Escaping natural gas was first detected on the Hall acreage in 1908. Drilling for oil was carried out in 1922. No viable oil or gas fields resulted.

Around 1921, the Sidmouth train station opened immediately north of the east bank ferry landing, although an unofficial flag stop appears to have existed for at least five years, as did one at 21 Mile. The Canadian Pacific Railway (CP) sought a unique name for the station. However, "Hall" frequently appeared within station names on the network. When slips of paper containing alternatives were dropped into a hat, "Sidmouth" was the name drawn out.

Whereas R. Armstrong specified his address as Crawford Creek in 1915, by 1921, he used Sidmouth instead. For vital statistics purposes, Hall's Landing was not listed after 1930. Sidmouth became the address for all local residents. Opening on the western shore, the Sidmouth post office existed 1927–1966. Across the river in Sidmouth east, a small community hall stood, and a small general store operated 1928–1948. In 1928, a gasoline pump was installed on the west shore of the 24-Mile ferry to serve the increasing vehicular traffic.

The east side of the river never progressed beyond subsistence farming. Lawrence Boutillier ran a small sawmill at Crawford Creek 1924–1933. In 1929, the Crawford Creek school closed but reopened in 1937. The building was a small log structure, with a well and two outhouses nearby.

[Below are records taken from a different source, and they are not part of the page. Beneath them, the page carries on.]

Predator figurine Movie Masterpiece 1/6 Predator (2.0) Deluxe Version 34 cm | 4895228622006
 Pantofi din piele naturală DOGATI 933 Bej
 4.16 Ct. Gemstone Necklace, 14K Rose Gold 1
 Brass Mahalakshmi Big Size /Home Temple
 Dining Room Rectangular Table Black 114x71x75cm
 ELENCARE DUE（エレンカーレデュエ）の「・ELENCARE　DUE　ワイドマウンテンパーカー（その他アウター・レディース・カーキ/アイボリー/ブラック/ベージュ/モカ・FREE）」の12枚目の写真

In 1940, CP installed a spur into the Columbia River timber pole yard at Sidmouth. In 1945, the three schools closed, and a school bus took the children to Arrowhead. In 1948, a general store opened on the west shore. After a while its Shell pump became the only pump between Revelstoke and Nakusp. That June, the extreme flooding temporarily submerged farms.

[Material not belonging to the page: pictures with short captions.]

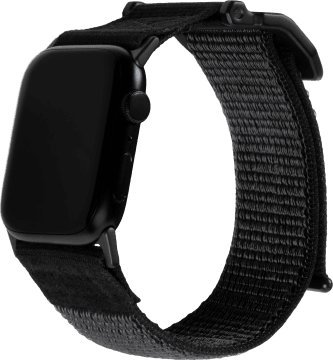 UAG ACTIVE - UNIVERZÁLNÍ NYLONOVÝ ŘEMÍNEK PRO HODINKY APPLE 49MM/45MM/44MM/42MM (ŘADY APPLE WATCH: 1-3 R.42, 4-8, SE, ULTRA R.45) (GRAPHITE)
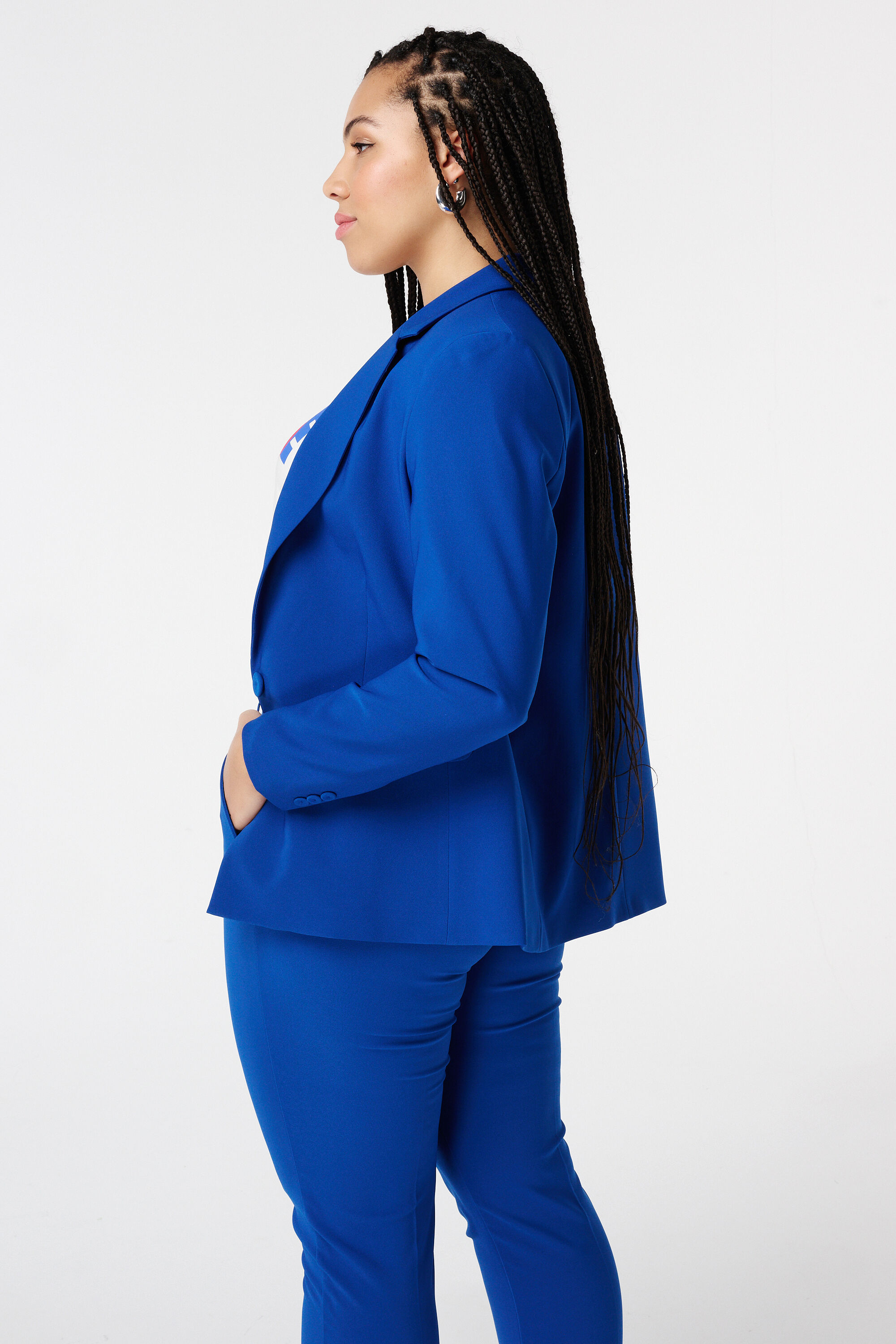 Blazer con cierre de botones image number 3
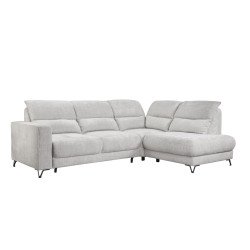 Popus kampinė sofa su pakeliama atlošo sistema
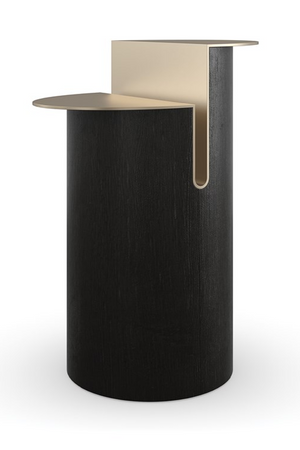 Bronze Split-Top Side Table | Caracole Discord | Oroa.com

In 1952, the Celgar Corp. bought the seasonal Columbia River sawmill at Sidmouth. The next year, a new community hall was built on the west shore. In 1954, the mill closed. The next year, the church building was completed on the west shore.

By 1961, only 15 households remained in the area. That year, Mrs. Violet Hall (widow of Noah) voiced her frustration that the proposed dam would put their home and years of hard work under 30 ft of water. Over the following years, the trees and buildings that were removed were largely torched. The fairness of compensation was questioned by residents. In 1968, the rising reservoir for the Keenleyside Dam permanently ended the community.

==Roads==
By 1899, the north–south road on the west shore stretched 6 mi. By 1902, the local roads extended 4 mi through the community, which enabled 10 farmers to transport their produce to the shore.

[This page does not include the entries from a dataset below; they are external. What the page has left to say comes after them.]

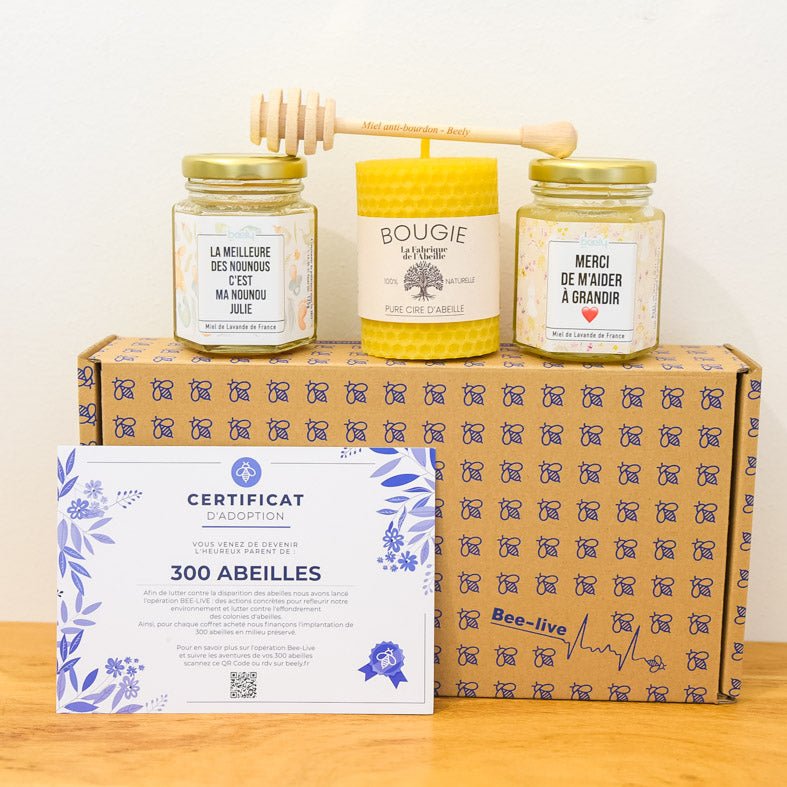 exemple de coffret de miel personnalisé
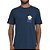Camiseta Hurley New Flower WT26 Masculina Marinho - Imagem 1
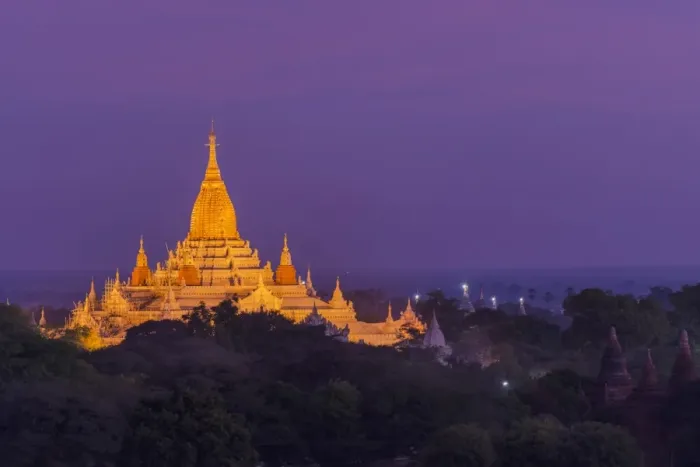 Framed Print : Pagoda at Bagan in morning, Myanmar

By 1914, roading comprised 7 mi northward and 5 mi locally. In 1920, the eastern ferry dock was connected to Arrowhead by a winding road along the rock bluffs, unlike the straight train track along the shore.

In 1923/24, the 12-Mile ferry was installed and the road southward from Revelstoke connected with the one northward from Hall's Landing.

In 1968, the rising reservoir submerged the area and roads. The next year, the new Revelstoke–Shelter Bay highway, which lies wholly on the west shore of the river, was completed. Only a western stub of the Sidmouth Road connects to the highway.

==Ferry==
Rowboats would have been used initially. In 1903, the Hall brothers built a small steamboat, the first of a series they owned, which plied the northern part of the lake. In 1912, the government toll-free cross river ferry was established, but this was initially a rowboat. In 1914, a new wharf was built at Hall's Landing primarily to handle shipments to Arrowhead. In 1917 a scow was installed, which was guided by cables.

In 1923, a six-vehicle capacity reaction ferry, with an auxiliary gasoline engine, was built to replace the hand powered one.

In 1932, a charge was introduced for nighttime, Sunday, and holiday service. In the 1934–35 winter, the old barge which had become unsafe was replaced. In the 1937–38 new towers, foundations, anchor blocks and overhead cable were installed. In January 1950, the ferry sank after being punctured by ice. In 1950–51, a surplus steel barge (1949) was relocated from Arrow Park.

In 1966–67, the east dock, which had been damaged by high water, was rebuilt. Reduced current from the rising reservoir caused the channel to prematurely freeze over. Consequently, in January 1969, the Shelter Bay–Galena Bay ferry commencement ended the 24-Mile one.